Provide again, from the entries below, every line from the one containing "Rescued Puffins" through the one containing "Rubus tricolor, photographed", exactly as written, and no other line.

[Opening RECORDS TO PROCESS section]

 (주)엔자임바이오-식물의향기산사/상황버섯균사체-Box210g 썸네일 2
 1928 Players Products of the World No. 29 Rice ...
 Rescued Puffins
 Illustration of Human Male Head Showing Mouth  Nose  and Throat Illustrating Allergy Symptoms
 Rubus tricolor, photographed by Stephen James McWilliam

[Closing RECORDS TO PROCESS section]
[Opening RECORDS TO PROCESS section]

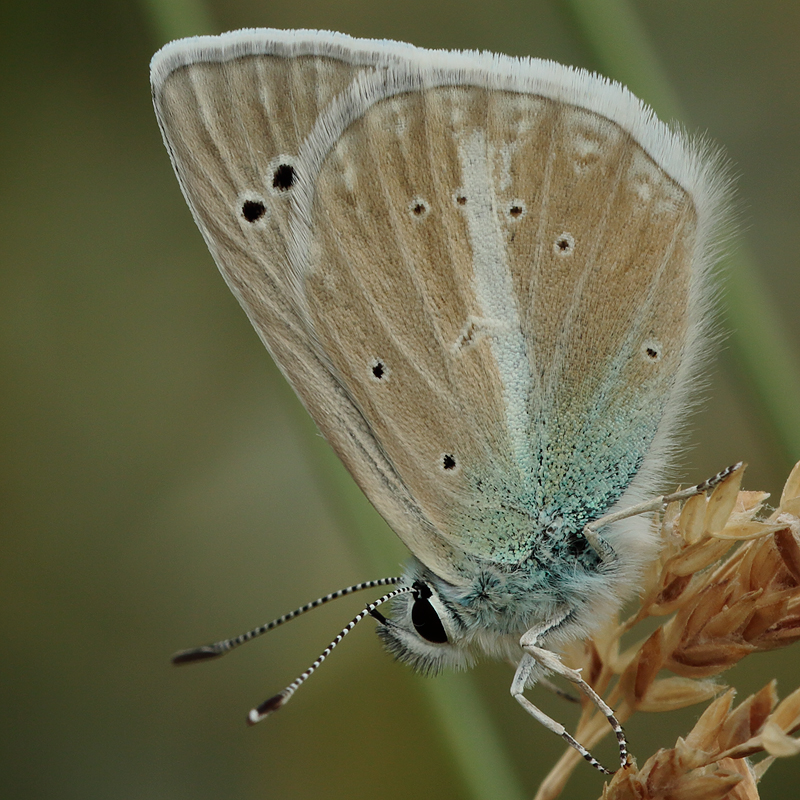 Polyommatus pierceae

[Closing RECORDS TO PROCESS section]
[Opening RECORDS TO PROCESS section]

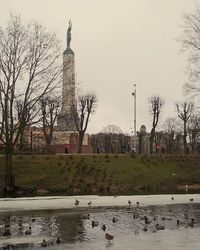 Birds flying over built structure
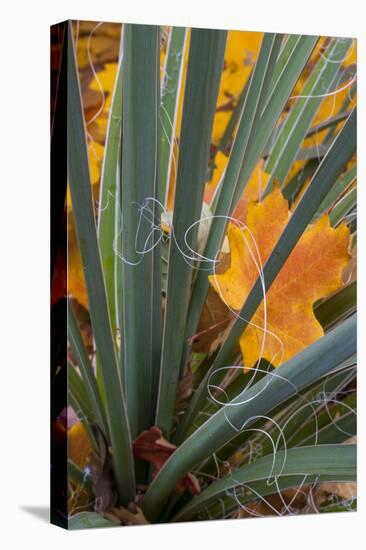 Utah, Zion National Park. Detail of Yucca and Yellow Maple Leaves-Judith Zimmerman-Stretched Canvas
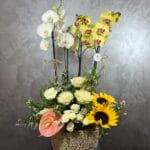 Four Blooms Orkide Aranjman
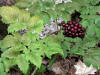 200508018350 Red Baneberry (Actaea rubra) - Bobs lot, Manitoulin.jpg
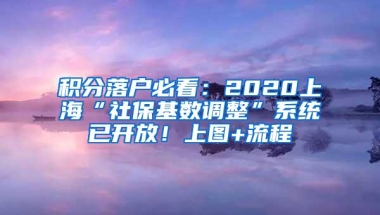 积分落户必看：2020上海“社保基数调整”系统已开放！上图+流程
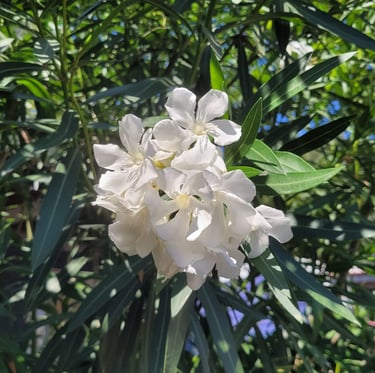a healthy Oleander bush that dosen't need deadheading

[Closing RECORDS TO PROCESS section]

▶ _SOLUTION FOR THIS EXERCISE_:
 Rescued Puffins
 Illustration of Human Male Head Showing Mouth  Nose  and Throat Illustrating Allergy Symptoms
 Rubus tricolor, photographed by Stephen James McWilliam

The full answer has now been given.